- #1
mdmartin
- 3
- 0
Homework Statement
Introduction to Electrodynamics by Griffiths, 3rd ed. pg 141-2, Example 3.8:
An uncharged metal sphere of radius R is placed in an otherwise uniform electric field E=(0,0,E). [The field will push positive charge to the northern surface of the sphere, leaving a negative charge on the southern surface. This induced charge, in turn, distorts the field in the neighborhood of the sphere. Find the potential in the region outside the sphere.
Solution: V(r,θ)=-E*(r-R^2/r^2)*cos(θ)
The first term is due to the external field; the second term is due to the induced charge.
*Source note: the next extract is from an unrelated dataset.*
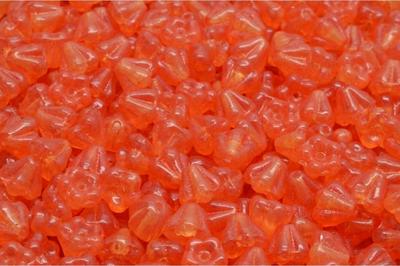 111.00.240 4 x 6 mm 00030-20003 250 (~1200)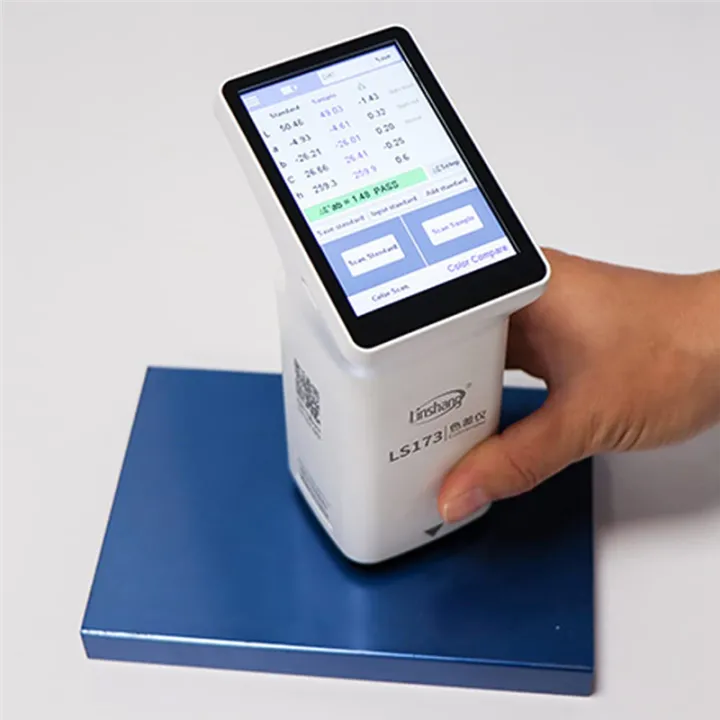 Linshang%20LS173%20Smart%20Colorimeter%20Touch%20Screen%20Colorimeter%20for%20Coating%20Ceramic%20Plastic%20Paint%20Color%20Measurement%20Comparison%20-%20Image%203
If you want to know the induced charge density it can be calculated by:
σ(θ)=-ε*(∂V/∂r)|r=R =ε*E*(1+2*R^3/r^3)*cos(θ)|r=R = 3*ε*E*cos(θ)
My question: If we are being asked the induced charge density why don't we just use the voltage due to the induced charge? The author (and in other places I've found) use the entire potential but I haven't seen an explanation as to why.
Homework Equations
σ(θ)=-ε*(∂V/∂r)
The Attempt at a Solution
I understand the math; I'm not understanding the physics. The problem statement says that the induced charge distorts the field in the neighborhood of the sphere. So what I think is happening is similar to a system dynamics problem where there is an initial overshoot, followed by bounce-back until there is a steady-state that is reached. Initially, the external field induces a charge which then changes the field near the sphere, which in turn modifies the induced charge, etc. until steady state is reached. So I think it may just be bad terminology because in the description of the solution to the potential there is a clear distinction between an effect due to the external field and one due to the (what I'm calling the newly created) induced charge whereas, in reality, the charge is entirely induced and, therefore, the entire expression for the voltage must be used. Does that make sense?